- _EXERCISE REQUIREMENTS_: Reproduce the lines below exactly, from the one containing "Image result for Music Folder Icon" through the one containing "Xerox 6128 (106R01456) - toner, cyan", both included. Leave out any pictures.

+++ GIVEN DATA +++

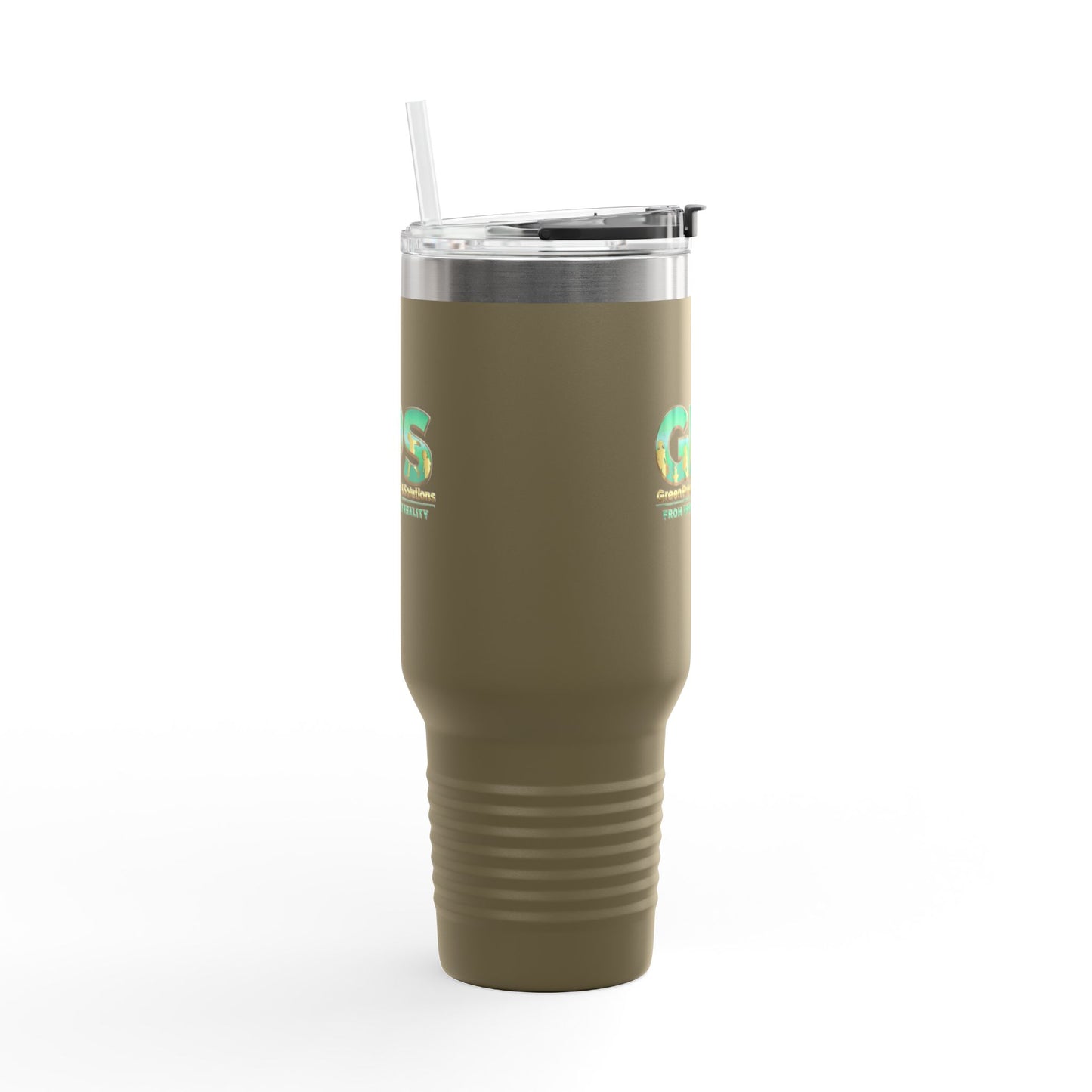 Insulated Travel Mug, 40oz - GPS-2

+++
+++ GIVEN DATA +++

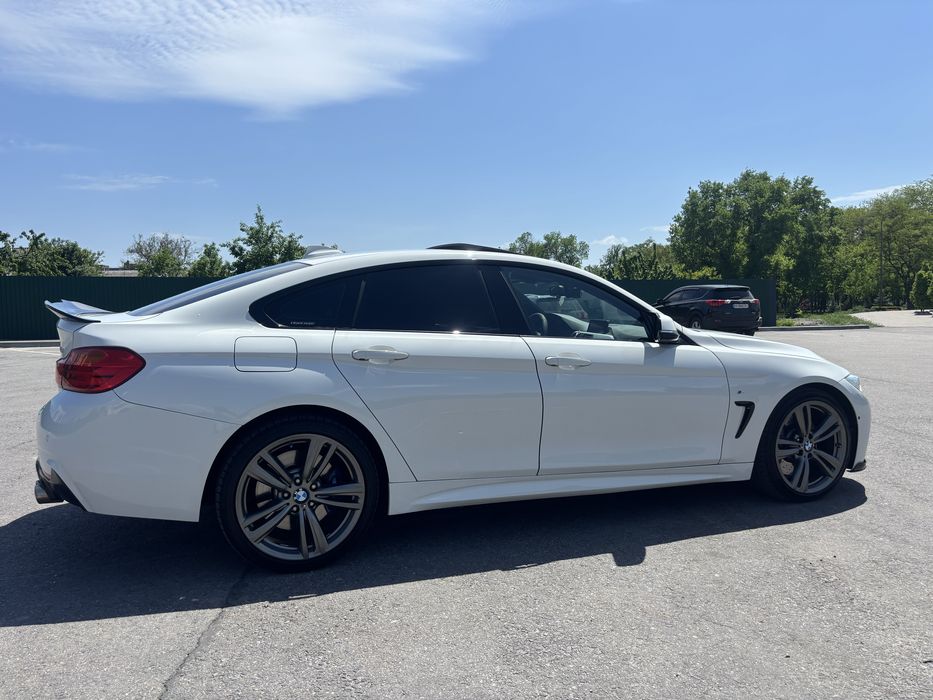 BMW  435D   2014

+++
+++ GIVEN DATA +++

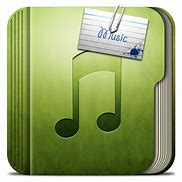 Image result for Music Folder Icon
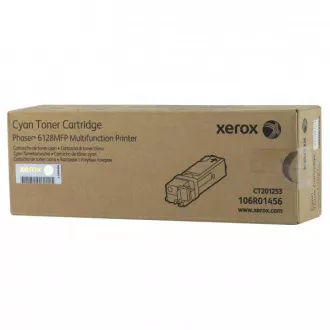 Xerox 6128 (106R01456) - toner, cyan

+++

- _TASK OUTPUT_:
 Image result for Music Folder Icon
 Xerox 6128 (106R01456) - toner, cyan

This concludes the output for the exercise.